Batch inserts with unique, dupes and later counting.

enrcas · 2018-11-28 14:02:59

Hi,

Sometime ago I learn here the best way to batch insert millions of rows (thanks ab),

First I was doing classic inserts, I wanted to build a chess database (of games), but after some learning and asking,
I finally did them in a batch, as you can see in the examples:

 pgndb:=TSQLRestServerDB.CreateWithOwnModel([TSQLpgnGame],DATABASE_FILE_NAME);
  try
    pgndb.DB.LockingMode:=lmExclusive;
    pgndb.DB.Synchronous:=smOff;
    pgndb.CreateMissingTables;
    pgnbatch:=TSQLRestBatch.Create(pgndb,TSQLpgnGame,INSERTS_PER_COMMIT);
    try
      pgnrec:=TSQLPgnGame.Create;
      try 
      //loop the batch here
      // do some stuff, parse the PGN file, build record
       pgnbatch.Add(pgnrec,true);
       pgnrec.clearproperties;
     //end loop
      finally
        pgnrec.Free;
      end;
      pgndb.BatchSend(pgnbatch);
    finally
      pgnbatch.Free;
    end;
  finally
  pgndb.Free;
   Writeln('Memory used finally = ', IntToThousandString(MemoryUsed));
...

Now, I'm trying to learn a bit more the right way to do stuff with Mormot.
As I want games to be unique in the DB, I created a index

    pgndb.CreateMissingTables;
    pgndb.CreateSQLIndex(TSQLgame,'Gamedata',true); //true=unique yes

But... I was thinking, and sorry because I learned DB and SQL in the old school way, when you did everything by hand with SQL ...

How dupes work in this way of inserting?

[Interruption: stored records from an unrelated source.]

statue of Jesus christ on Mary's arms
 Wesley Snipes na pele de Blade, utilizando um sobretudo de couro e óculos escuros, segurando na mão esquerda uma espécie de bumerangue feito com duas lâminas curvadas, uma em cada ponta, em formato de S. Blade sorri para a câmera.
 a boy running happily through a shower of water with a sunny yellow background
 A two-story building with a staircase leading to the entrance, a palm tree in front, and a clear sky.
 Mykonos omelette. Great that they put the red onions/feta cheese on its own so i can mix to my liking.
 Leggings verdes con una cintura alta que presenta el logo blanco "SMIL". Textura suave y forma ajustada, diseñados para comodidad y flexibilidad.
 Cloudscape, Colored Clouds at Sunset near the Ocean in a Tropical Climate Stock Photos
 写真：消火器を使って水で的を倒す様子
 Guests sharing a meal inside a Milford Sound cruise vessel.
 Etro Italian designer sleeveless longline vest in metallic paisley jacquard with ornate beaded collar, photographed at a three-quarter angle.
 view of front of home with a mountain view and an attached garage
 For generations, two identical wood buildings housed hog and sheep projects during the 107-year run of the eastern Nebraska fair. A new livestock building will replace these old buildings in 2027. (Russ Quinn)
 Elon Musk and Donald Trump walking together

I mean, imagine I am inserting a batch of 1000 games, and some of them are already in the DB (only unique-ing here by gamedata, that is, the game in itself, not players, tournament or whatever).

When I was doing classic inserts, I got an exception when I try to insert a dupe row (by index I mean), so I could count them and process them apart.

I examined the examples and did some google searches but found nothing. Thanks!

ab · 2018-11-28 15:30:43

Maintaining the indexes takes resources, and slows down insertion.
For instance, from a blank database, inserting the data, then creating the indexes after the insertion is the fastest.

You can try the "boInsertOrReplace" option at Batch creation to update existing content.
(it will use 'insert or replace into' instead of plain 'insert into' in the executed SQL)
But it will work with IDs, not with your "gamedata" field.

alpinistbg · 2018-11-28 18:24:44

Using batches will not affect speed when DB.Synchronous:=smOff; mORMot uses Int64 as PK, so you can't benefit also from "WITHOUT ROWID Optimization", https://www.sqlite.org/withoutrowid.html. Not sure that the @ab statement:

For instance, from a blank database, inserting the data, then creating the indexes after the insertion is the fastest.

is true, rather no.

Duplicates with UNIQUE INDEX will always give you exceptions. After all, what is the purpose? Fast inserts or fast search?

ab · 2018-11-28 18:33:20

"Creating the indexes after the insertion is the fastest" is a known fact.
See e.g. https://www.whoishostingthis.com/compar … ulk-insert
This is how all DB engines work: maintaining the index during insertions has a cost (locking the table, fragmenting the disk....), whereas creating the index from scratch is a much faster process - see also https://stackoverflow.com/a/3688755/458259

Maintaining a secondary indexes can drop down performances, especially in SQlite3, with a lot of data.
See https://stackoverflow.com/questions/15778716
In our code, we tend to try using only the primary RowID/ID, or a dedicated separated R-Tree index if needed.

BTW the whole https://www.whoishostingthis.com/compar … e/optimize article is a nice read.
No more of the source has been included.